__WORK REQUIRED__: Starting with the first line of the data below, copy each line up to and including the one containing "Opel Astra IV". Pictures stay out.

__RECORDS SHOWN__:

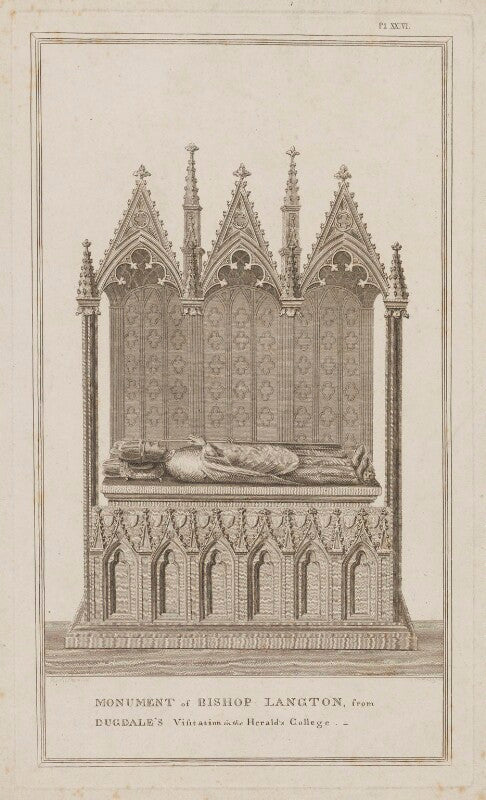 Walter langton npg d37162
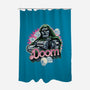A Colorful Doom-None-Polyester-Shower Curtain-glitchygorilla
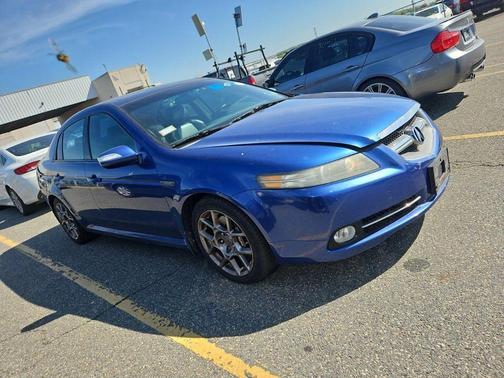 2008 Acura TL Type S w/Navigation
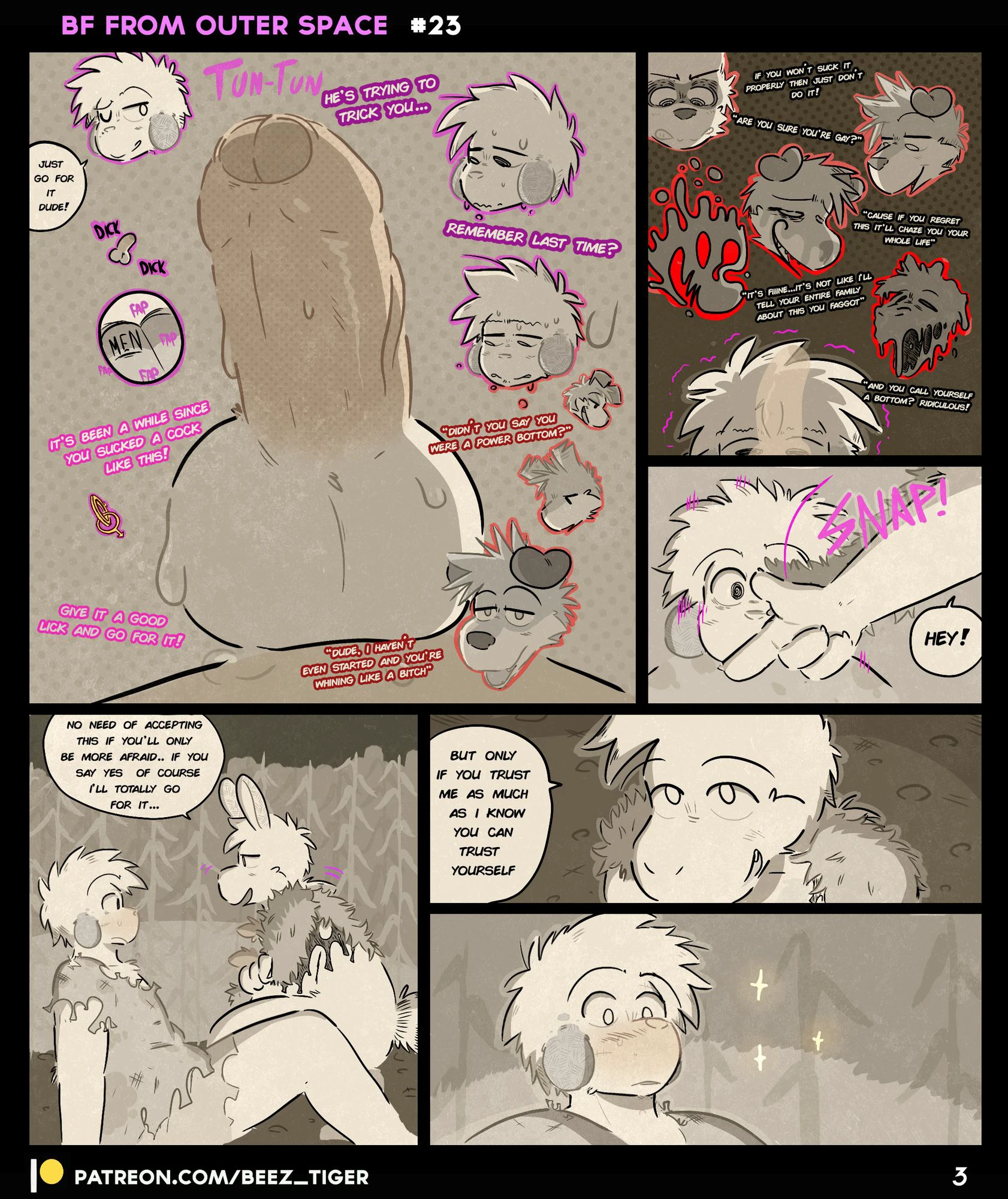 BF From Outer Space — page 102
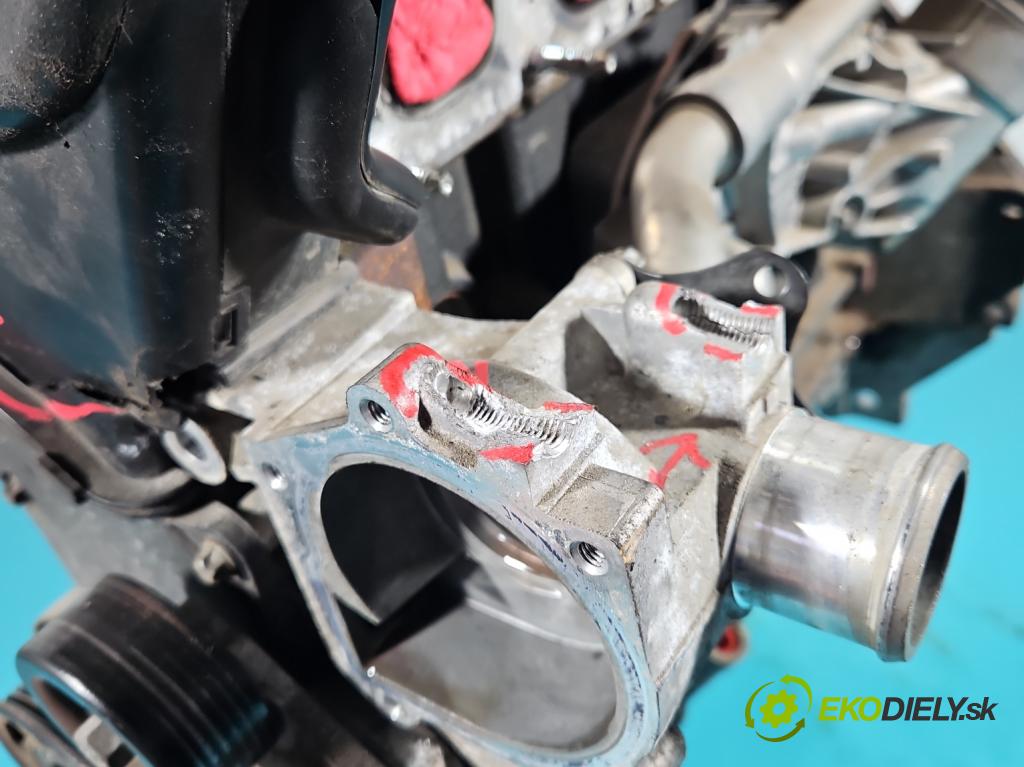 Opel Astra IV 2009-2015 1.6 16V 116 HP manual 85 kW 1598 cm3 4- motor benzín: B16XER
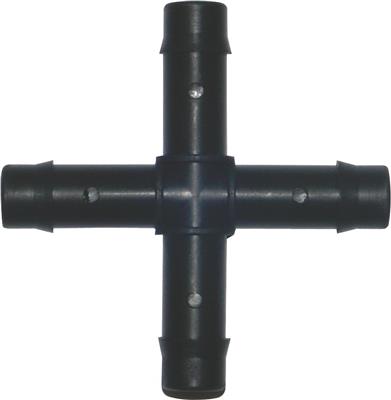 13mm Standard Barb Cross - Pack of 25
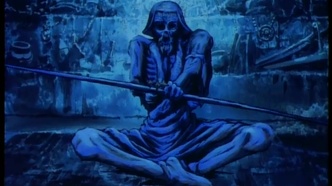 Алый Волк (1993)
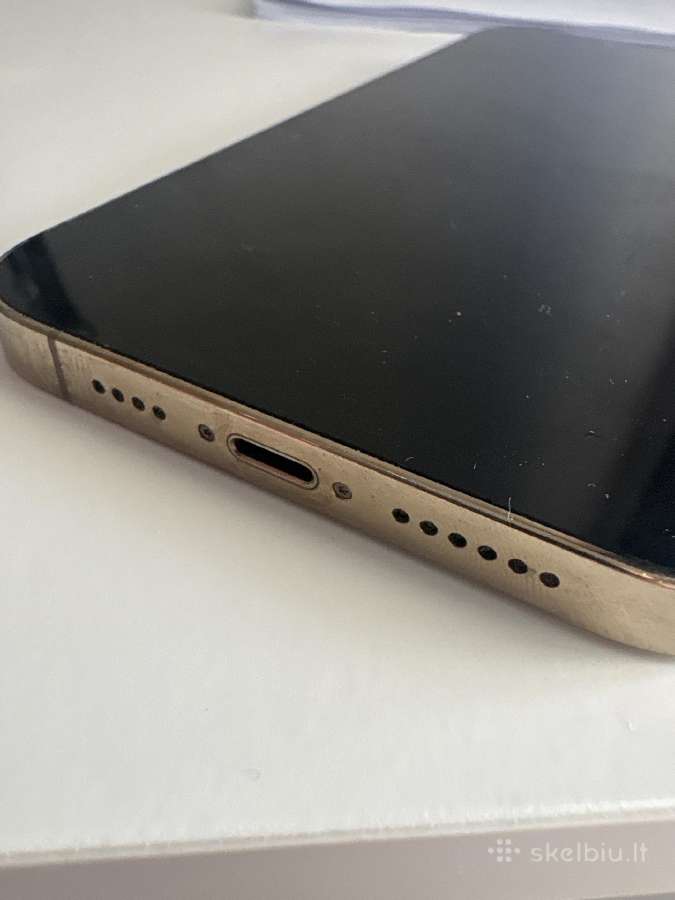 iPhone 13 pro max 512gb - nuotraukos Nr. 3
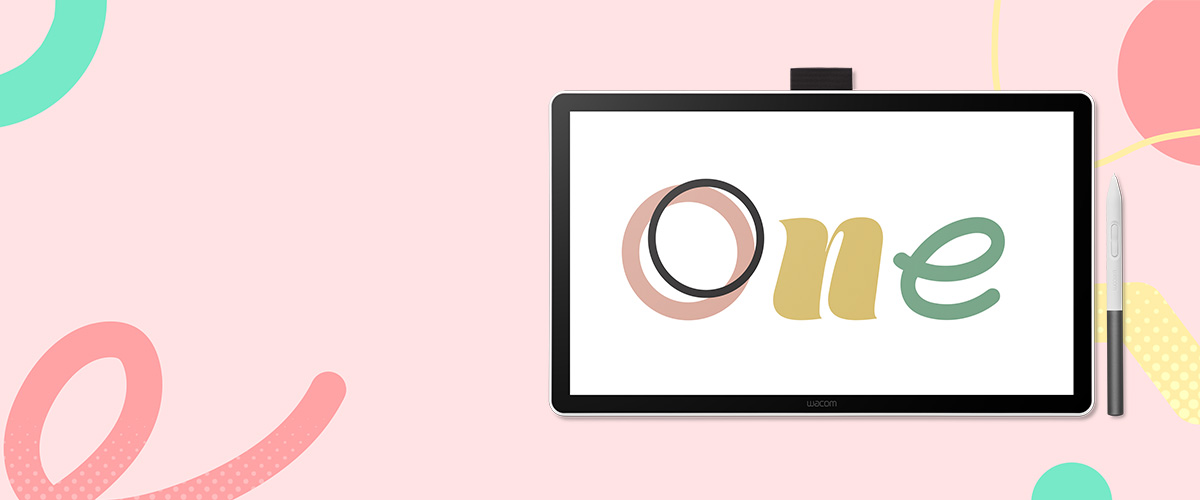 Wacom One Display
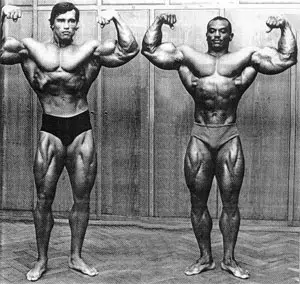 arnold y sergio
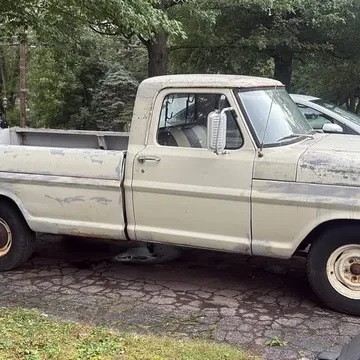 1968 Ford F-100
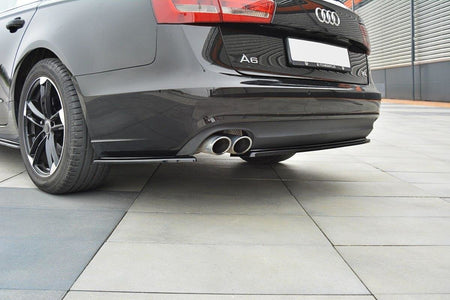 Heckseiten Flaps Audi A6 Avant Sedan C7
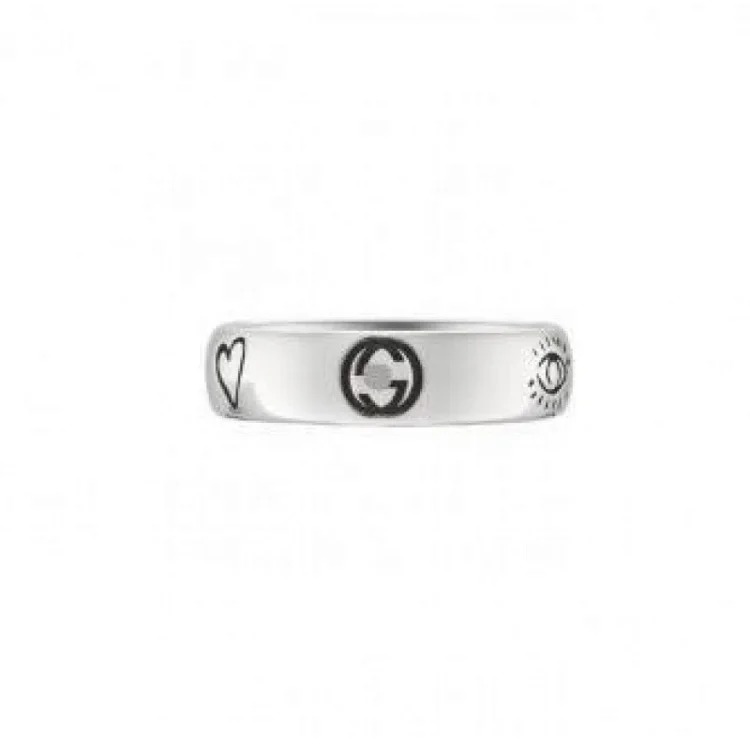 Vintage Unisex Couple Ring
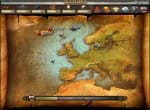 Карта мира игры Cultures Online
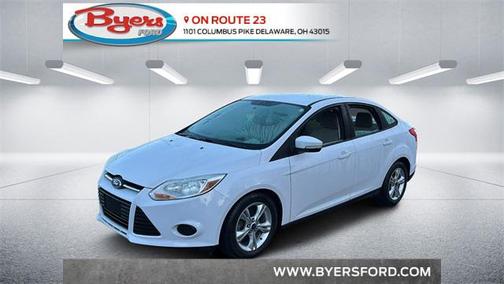 2013 Ford Focus SE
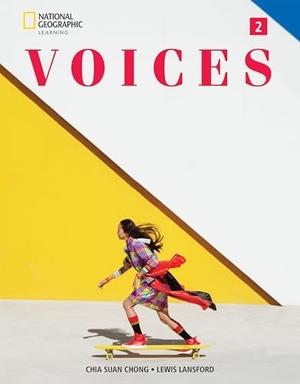 Chong, Chia Suan / Lewis Lansford. Voices 2 with the Spark Platform (Ame). Cengage Learning, 2022.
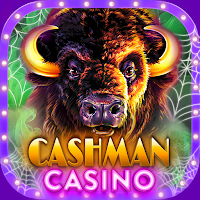 Cashman Casino Slots Games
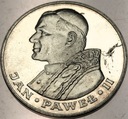 1000 zł złotych 1983 Jan Paweł II SREBRO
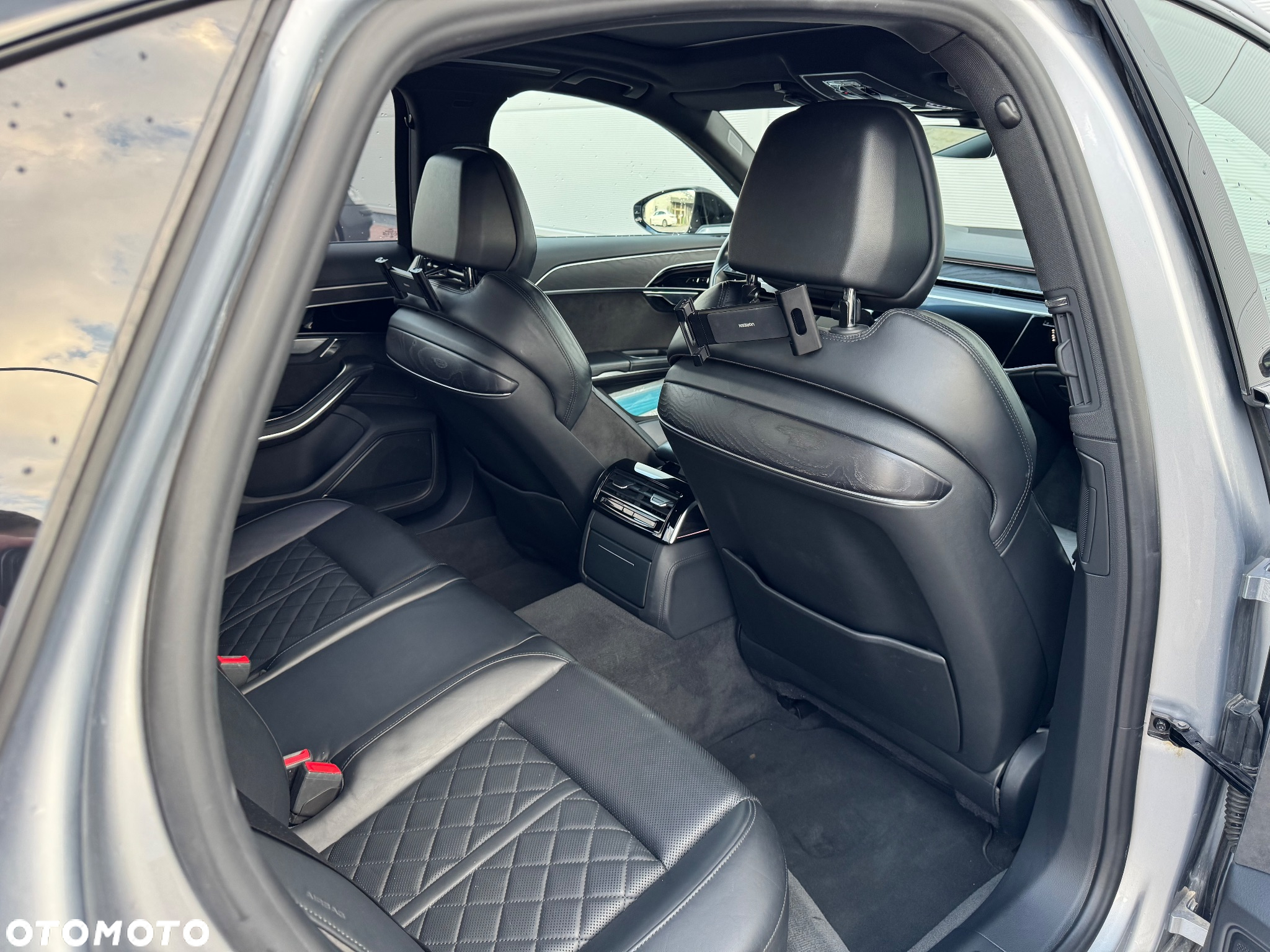 Audi A8 50 TDI quattro tiptronic - 7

__TASK RESPONSE__:
 Walter langton npg d37162
A Colorful Doom-None-Polyester-Shower Curtain-glitchygorilla
 2008 Acura TL Type S w/Navigation
 BF From Outer Space — page 102
 Opel Astra IV 2009-2015 1.6 16V 116 HP manual 85 kW 1598 cm3 4- motor benzín: B16XER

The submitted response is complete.